Australian politician (born 1981)

Gareth James Ward is an Australian former politician and convicted criminal. Ward resigned from parliament in 2025 following a conviction for sexual assault. He was a member of the New South Wales Legislative Assembly and represented the seat of Kiama on the South Coast from 2011 to 2025, serving as New South Wales Minister for Families, Communities and Disability Services in the second Berejiklian ministry from 2019 to 2021.

He was suspended from the New South Wales parliament in March 2022 until the end of his term in March 2023, after being charged with sexual intercourse without consent, and three counts of indecent assault. He was convicted of all four counts in July 2025. Ward resigned from parliament on 8 August 2025 shortly before a vote on his expulsion from parliament following the guilty verdict in his trial. This triggered a by-election in Kiama. He was sentenced to five years and nine months in prison.

== Early life ==
Ward was born c. 1981 in the Illawarra region and completed his schooling at Bomaderry High School. Ward was born with albinism and is legally blind.
He holds degrees in commerce and arts from the University of Wollongong and Bachelor of Laws from the University of New England, and a Master of Laws from the University of Sydney. He holds a Graduate Diploma in Legal Practice from the Australian National University, and is an Admitted Solicitor in the Supreme Court of NSW and the High Court of Australia. From 2001 to 2006, Ward was on the Council of the Wollongong Undergraduate Students' Association at the university, and was involved with the Australian Liberal Students Federation.

==Political career==

===Local government===
On 27 March 2004, Ward was elected to the Shoalhaven City Council as an independent councillor representing the northern parts of Shoalhaven. He was re-elected on 13 September 2008 and became deputy mayor in the same month. Ward was a councillor on Shoalhaven City Council from 2004 until 2012.

===Liberal MP===
On 12 April 2010, Ward was preselected as the Liberal candidate for Kiama. It was reported that he gained preselection in a 20–12 vote against the previous candidate, Ann Sudmalis. At the 2011 state election, Ward was elected with a swing of 19.4 points and won the seat with 57.5 per cent of the vote on a two-party basis. Ward's main opponent was the incumbent sitting Labor member and former Minister, Matt Brown.

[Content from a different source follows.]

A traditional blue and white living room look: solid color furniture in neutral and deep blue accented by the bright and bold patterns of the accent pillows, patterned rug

In April 2015, Ward was appointed as Parliamentary Secretary for the Illawarra and South Coast after Premier Mike Baird abolished the former position of Minister for the Illawarra. In March 2017, Ward was appointed as the Parliamentary Secretary for Education. Ward retained his existing responsibilities as the Parliamentary Secretary for the Illawarra and South Coast. Ward served as Parliamentary Secretary for Education, in addition to his role as the Parliamentary Secretary for the Illawarra and South Coast from 2017 until 2019.

In September 2017 Ward claimed to have been the target of an attempted mugging in New York City while staying at the Intercontinental Hotel. Ward claimed to have booked a male masseur for a massage, which was reported as a "special massage". In conflicting reports, it was claimed he "called a phone number provided by an acquaintance", but others maintained that he ordered "the massage online from an outside service". When two men turned up and announced that both of them were minors, Ward told them to leave. He then claimed the duo became aggressive and demanded US$1000 before they would leave. While luring the men down to the lobby under the guise of retrieving money from an ATM, Ward alerted hotel staff and the men fled. CCTV images were circulated but no arrests have been made.

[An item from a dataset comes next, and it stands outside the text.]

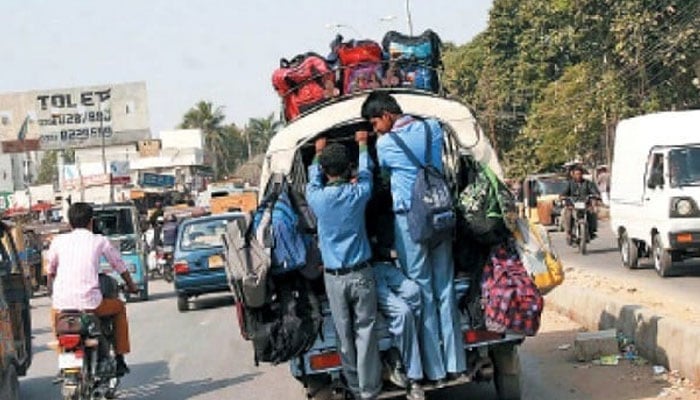 Students are seen commuting on an overloaded van. — Online/File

In September 2018, Ward was described in federal parliament by his fellow Liberal colleague, Ann Sudmalis, as leading a campaign of "bullying, betrayal and backstabbing" against her while she was a representative. The allegations were expanded to include branch stacking of local Liberal branches, and installing people hostile to Sudmalis on her electoral committee. She described his determination as to "annihilate anyone who opposed him" with his motivation being "Gareth's narcissistic revenge". Sudmalis went on to accuse him of misogynistic behaviour and raised several examples of where he had actively opposed and campaigned against female Liberals on the South Coast.

Following the 2019 state election Ward was appointed as Minister for Families, Communities and Disability Services in the Second Berejiklian ministry.

===Independent===
In February 2023 he announced that he would be contesting his seat as an independent at the 2023 state election, "to stand up for the principles and values that are worth fighting for".

Ward was narrowly elected as an independent in the 2023 New South Wales state election, suffering a 10.7% swing against him. The NSW government decided to follow the advice of parliament's privileges and ethics committee not to extend Ward's suspension into his new term.

In July 2024, Ward arrived at Parliament House at 4 am to retrieve his spare house keys after locking himself out of his apartment at Potts Point. He denied being drunk or wearing only underwear. Premier Chris Minns asked for a full explanation.

On 5 August 2025, Ward was granted an injunction that prevented the New South Wales Parliament from trying to expel him from the Legislative Assembly. The injunction order was revoked following an appeal by the state government.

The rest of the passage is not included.